This blog provides an informal forum for terrestrial invertebrate watchers to post recent sightings of interesting observations in the southern Vancouver Island region. Please send your sightings by email to Jeremy Tatum (tatumjb352@gmail.com). Be sure to include your name, phone number, the species name (common or scientific) of the invertebrate you saw, location, date, and number of individuals. If you have a photograph you are willing to share, please send it along.
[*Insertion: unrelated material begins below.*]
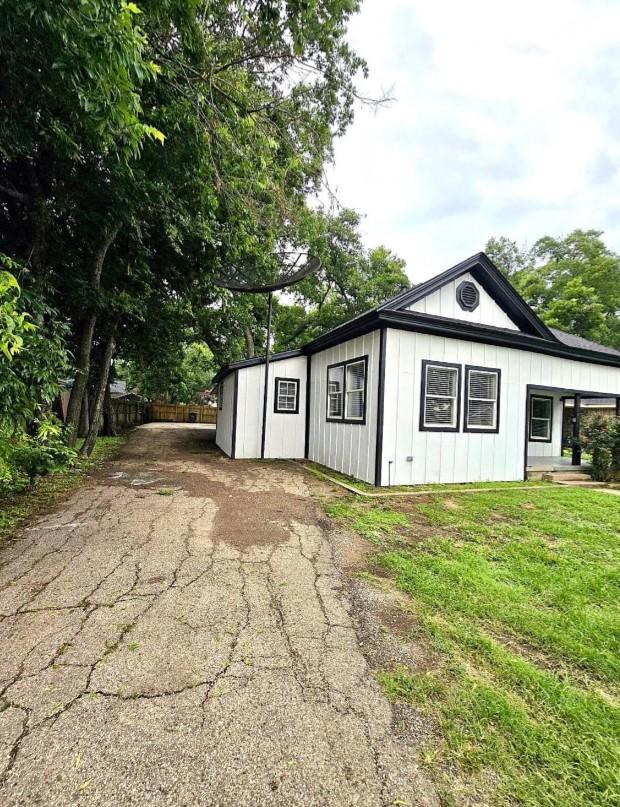 view of outdoor structure with a yard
Click on the title above for an index of past sightings.The index is updated most days.

August 29

2016 August 29

 

  Colias alert!  On August 24, Aziza Cooper saw a sulphur (exact species undetermined) on Gumweed at Turkey Head.

 

Jeff Gaskin reports a Western Tiger Swallowtail on Mount Tolmie, August 11, and, on August 12, also on Mount Tolmie, 1 Red Admiral, 1 West Coast Lady, and 1 Painted Lady.

 

Annie Pang found a spider weaving a web on the side-view mirror of her car on August 24.  Thanks to Robb Bennett for confirming its identification as Araneus diadematus

 

 

Araneus diadematus (Ara.: Araneidae)  Annie Pang

  

 

   Aziza Copper photographed the micro moth shown below near the Garcia reservoir on August 26.  Thanks to Libby Avis for identifying it as the Alfalfa Webworm Moth Loxostege cereralis.

 

Alfalfa Webworm Moth Loxostege cereralis (Lep.: Crambidae)  Aziza Cooper

   The name cereralis immediately raises a spelling question.  Surely this is a misspelling for cerealis ­ –  a spelling that is sometimes seen in the literature.   The definitive way to determine the correct spelling is supposed to be to go back to the original scientific description, and see what spelling the author used.  This is often easier said than done, and I didn’t manage to do it for this moth.  However, I found enough to convince myself that the cereralis spelling is the correct, or at least the preferred, spelling.  It is not named after what you eat for breakfast.  Rather, it is named for Ceres (genitive Cereris), the Goddess of Agriculture.

 

Thanks to Claudia Copley for identifying some recent photographs of grasshoppers and bush-crickets (katydids) that have been sent to Invertebrate Alert.  The first was photographed  recently by Paige Erickson-McGee.  Claudia writes that it is Melanoplus sp., and probably M. femurrubrum, the very common Red-legged Grasshopper.

 

 

Melanoplus (probably femurrubrum)  (Orth.: Acrididae)  Paige Erickson-McGee

 

Next is Meconema thalassinum, a bush-cricket, photographed by Cheryl Hoyle in Saanich on August 27.  Claudia remarks that this is non-native, and a very recent invader.

 

 Drumming Katydid Meconema thalassinum (Orth.: Tettigoniidae)  Cheryl Hoyle

 

Claudia has also identified Cheryl Hoyle’s grasshopper posted on August 5. Scroll down to that date to see the photograph and the identification.